How a Haystack Multi-Agent System Automates Incident Detection, Investigation, and Postmortems
TL;DR
A reproducible notebook demonstrates a Haystack-powered multi-agent system that detects incidents, investigates metrics and logs with evidence-backed SQL queries, proposes mitigations, and drafts production-grade postmortems automatically. The approach uses in-memory DuckDB for fast analytics, a rolling z‑score anomaly detector for explainable alerts, and three specialist AI agents (coordinator, profiler, writer) that are constrained to call programmatic tools instead of looking up external documents (no RAG — Retrieval-Augmented Generation). The result is structured, auditable output that teams can plug into runbooks and automation while retaining human oversight.
A simple real-world hook
At 02:14 a.m., the payments API shows a sudden p95 spike (95th percentile — a standard latency tail metric), a burst of errors, and a drop in RPS (requests per second). Who triages? How fast can the team form a testable hypothesis and push a fix? AI agents can accelerate that workflow while keeping the evidence auditable.
Why this matters for engineering leaders and SREs
Noise from metrics and logs is the daily grind for SREs. Human-led triage is slow and inconsistent. A tool-first, agentic (autonomous, multi-role AI) system can reduce time-to-detect and time-to-postmortem, codify runbooks, and produce machine-readable incident records. But to be useful in production the system must avoid hallucinations, be traceable, and integrate with existing workflows. That’s where a Haystack multi-agent pattern combined with a strict non-RAG grounding shines: AI agents are forced to call tools and run SQL against local data rather than inventing explanations.
“Prefer calling tools over guessing.”
Architecture & components
- Data layer: Synthetic or real metrics and logs are persisted as CSV, then loaded into an in-memory DuckDB for fast SQL analysis.
- Anomaly detector: Rolling z‑score (explainable statistical method; z‑score measures how many standard deviations a value is from the mean) used to flag contiguous anomaly spans and rank candidate incident windows.
- Tools (callable functions): load_inputs, detect_incident_window, sql_investigate, log_pattern_scan, propose_mitigations, draft_postmortem.

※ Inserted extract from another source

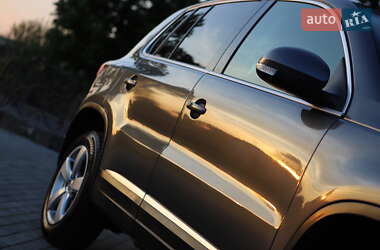 Позашляховик / Кросовер Volkswagen Tiguan 2014 в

Each returns structured outputs consumed by agents.
- Agents: Three LLM-driven roles orchestrated via Haystack:
- Coordinator — runs the end-to-end flow and aggregates outputs.
- Profiler — produces a JSON with falsifiable hypothesis, named service/mechanism, symptoms, top contributors, and key facts.
- Writer — formats a production-grade postmortem JSON and runbook snippets with owners and ETAs (days).
- LLM: OpenAI model (gpt-4o-mini used in the demo) via OpenAIChatGenerator.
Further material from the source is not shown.